Stories of Arda Home Page
About Us News Resources Login Become a member Help Search

The Tenth Walker  by Lindelea

Chapter 58. We hear news of the outside world

The scouts have been returning over the past few days. Each day more horses join us at the hayracks, thinner than they were when last I saw them, and worn with long travel and much effort.  I do not remember how long it has been that they have been gone, but it was a long stretch of days. I seem to remember that they left when the grass was still green on the meadow, and now winter is full upon us. At least, the days are cold, the pale and tasteless grass tipped with silver frost in the mornings when they first turn us out, and the summer-sweet hay is more to my taste.

Strange are the tales they have to tell. One spoke with Eagles!

I have never seen an Eagle, but my mother told me of these great birds, large enough to bear away a naughty young foal that strays too far from its dam.

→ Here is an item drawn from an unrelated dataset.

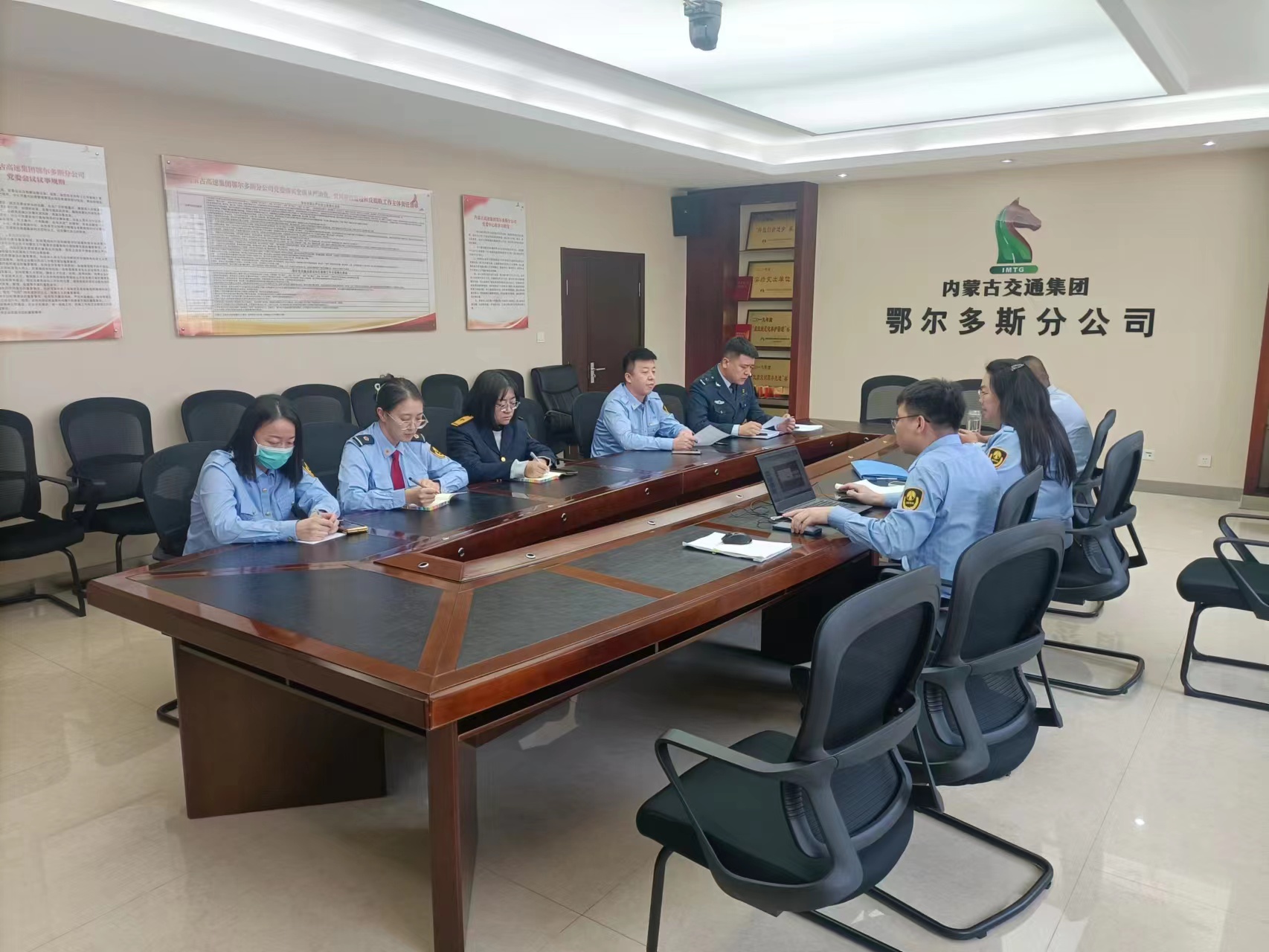 女人与公狍交酡女免费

There is sad news, of horses found broken and drowned, and I feel doubly sorry for these, as they were evidently the black horses ridden by the Fearful riders, those who pursued the Master at the Ford, and plunged into the river in madness as the terrifying flood came down.

I should hope that such madness would never fall upon me, that I should run to my destruction! I fear I have not the wisdom, however. I am only a pony, after all.

I cannot imagine how they were able to bear their Riders, and yet perhaps they had no choice, much as my lot was cast to labour for my old misery until by some marvel, my Sam took me on.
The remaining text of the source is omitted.